(Dataset records)
--------
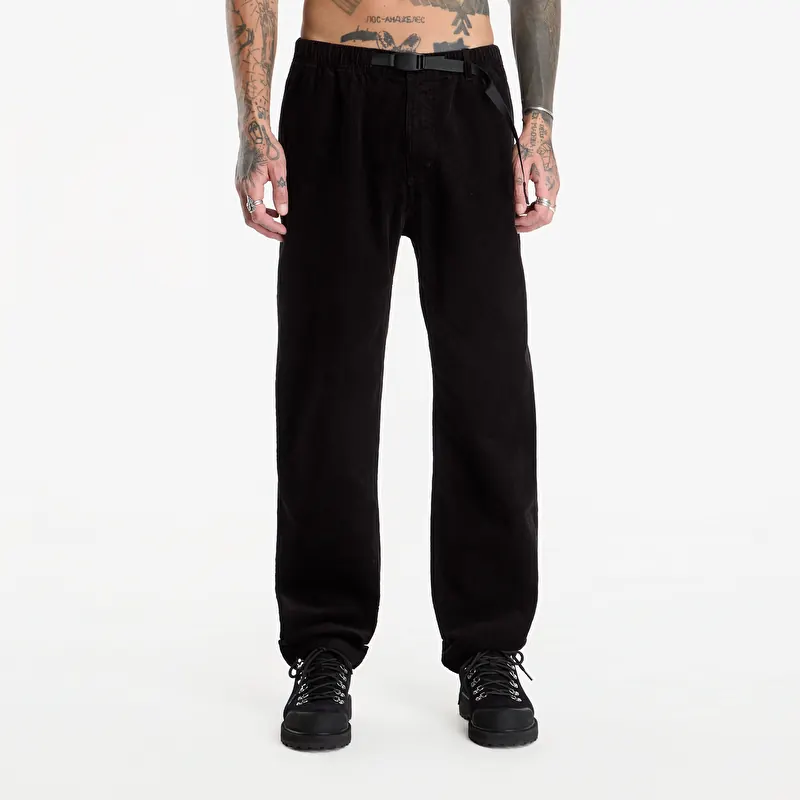 Gramicci Corduroy Gramicci Pant Black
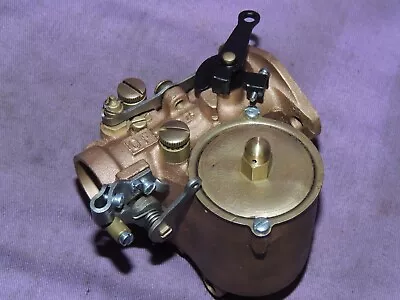 ***    Model  T  Ford  Racing  Carburetor   *** • $349.99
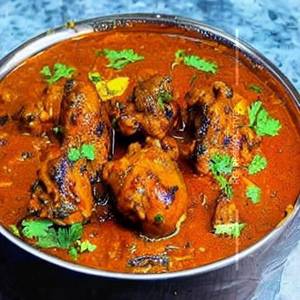 Chicken Lawabdar 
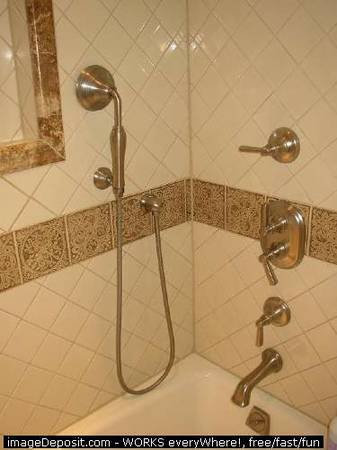 Slide of Jaime’s Plumbing and Electrical Services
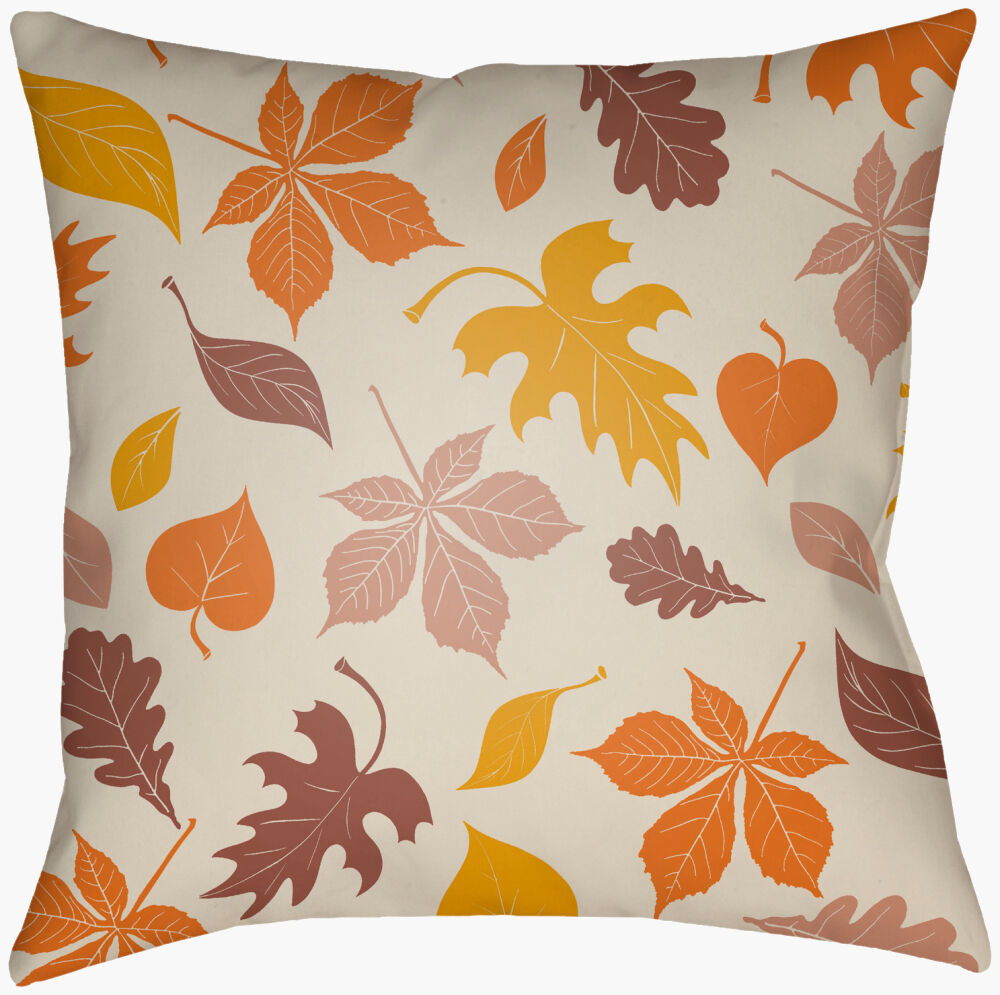 Gratitude Pillow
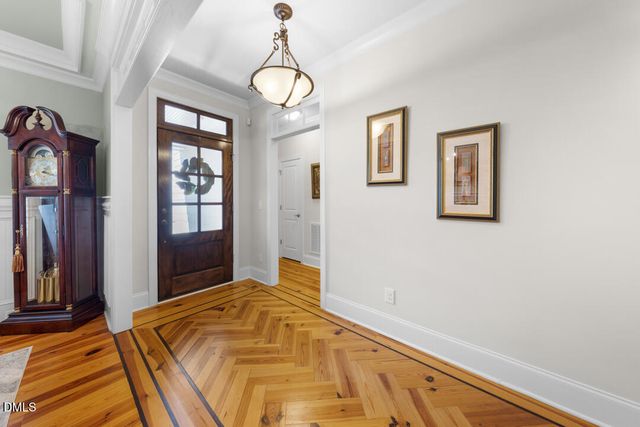 3048 Lawson Walk Way, Rolesville, NC 27571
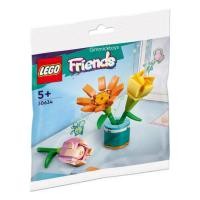 ราคา LEGO Friends Polybag 30634 Friendship Flowers (20783155364)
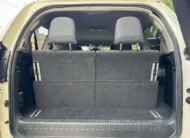 2015 Toyota Landcruiser Prado TZ-G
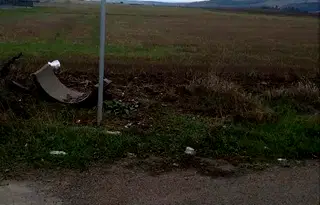 Земеделски имот в София, Костинброд
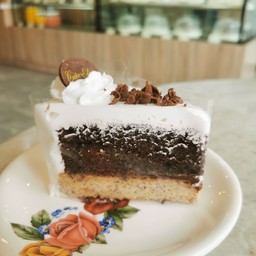 บานาน่าชอคโก้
--------
## Task goal
Exactly reproduce the entries above, minus the pictures.

## Expected answer
 Gramicci Corduroy Gramicci Pant Black
 ***    Model  T  Ford  Racing  Carburetor   *** • $349.99
 Chicken Lawabdar 
 Slide of Jaime’s Plumbing and Electrical Services
 Gratitude Pillow
 3048 Lawson Walk Way, Rolesville, NC 27571
 ราคา LEGO Friends Polybag 30634 Friendship Flowers (20783155364)
 2015 Toyota Landcruiser Prado TZ-G
 Земеделски имот в София, Костинброд
 บานาน่าชอคโก้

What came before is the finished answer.